In view of the foregoing, we find that petitioner is guilty of breach of contract when it unjustifiably refused to release respondents’ deposit despite demand. Having breached its contract with respondents, petitioner is liable for damages.
Respondents are entitled to moral and exemplary damages and attorney’s fees.
In cases of breach of contract, moral damages may be recovered only if the defendant acted fraudulently or in bad faith, or is "guilty of gross negligence amounting to bad faith, or in wanton disregard of his contractual obligations."
In this case, a review of the circumstances surrounding the issuance of the "Hold Out" order reveals that petitioner issued the "Hold Out" order in bad faith.
First of all, the order was issued without any legal basis.
Second, petitioner did not inform respondents of the reason for the "Hold Out."
Third, the order was issued prior to the filing of the criminal complaint.
Records show that the "Hold Out" order was issued on July 31, 2003, while the criminal complaint was filed only on September 3, 2003. All these taken together lead us to conclude that petitioner acted in bad faith when it breached its contract with respondents. As we see it then, respondents are entitled to moral damages.

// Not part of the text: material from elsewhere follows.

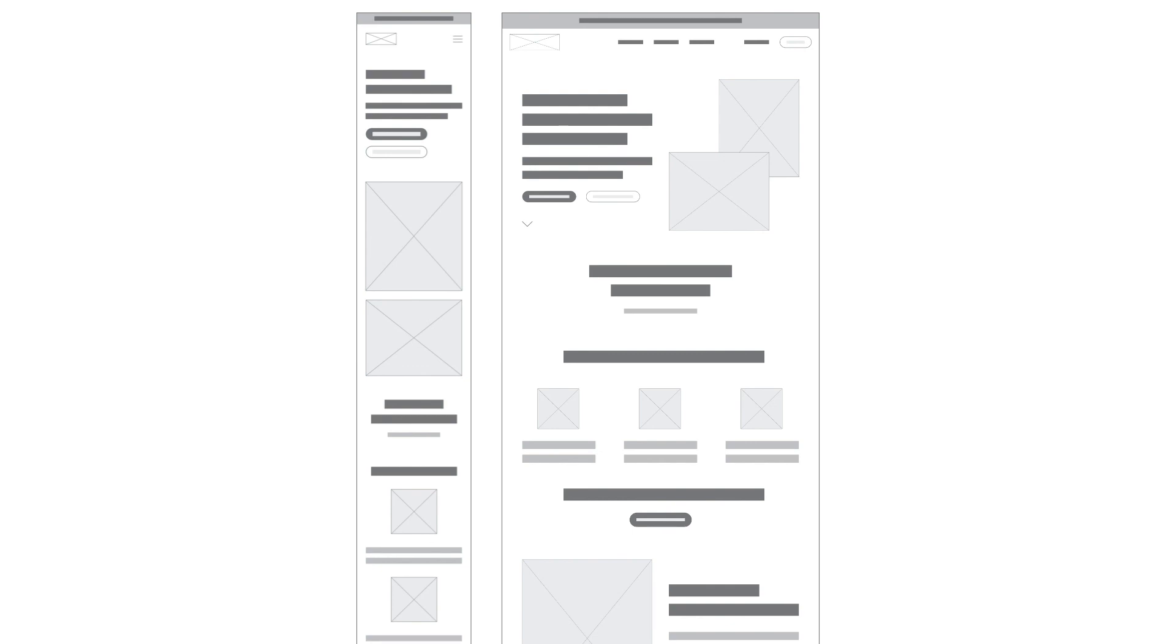And that's how you can create wireframes for desktop and mobile. If you found this tutorial helpful, give it a like and subscribe for more. Let me know in the comments below what you'd like to see next.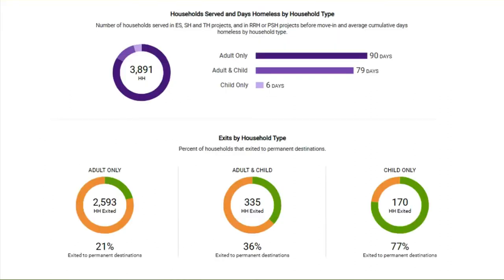Here are some Stella P basics. Stella relies on household-level data, which is really important for system planning purposes since resource needs are planned at the household level. We look at household composition rather than all individuals experiencing homelessness. There are three main household types: adults only, adult and child, and child only, that we use to help plan for service needs. The data includes all emergency shelter, safe haven, transitional housing, rapid rehousing, and permanent supportive housing projects entering data into HMIS. Stella does not currently include data from street outreach, services-only programs, or coordinated entry.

As to the award of exemplary damages, Article 2229 of the Civil Code provides that exemplary damages may be imposed "by way of example or correction for the public good, in addition to the moral, temperate, liquidated or compensatory damages." They are awarded only if the guilty party acted in a wanton, fraudulent, reckless, oppressive or malevolent manner.
In this case, we find that petitioner indeed acted in a wanton, fraudulent, reckless, oppressive or malevolent manner when it refused to release the deposits of respondents without any legal basis. We need not belabor the fact that the banking industry is impressed with public interest. As such, "the highest degree of diligence is expected, and high standards of integrity and performance are even required of it." It must therefore "treat the accounts of its depositors with meticulous care and always to have in mind the fiduciary nature of its relationship with them." For failing to do this, an award of exemplary damages is justified to set an example.
The award of attorney's fees is likewise proper pursuant to paragraph 1, Article 2208 of the Civil Code.
In closing, it must be stressed that while we recognize that petitioner has the right to protect itself from fraud or suspicions of fraud, the exercise of his right should be done within the bounds of the law and in accordance with due process, and not in bad faith or in a wanton disregard of its contractual obligation to respondents.
WHEREFORE, the Petition is hereby DENIED. The assailed April 2, 2008 Decision and the May 30, 2008 Resolution of the Court of Appeals in CA-G.R. CV No. 89086 are hereby AFFIRMED. SO ORDERED.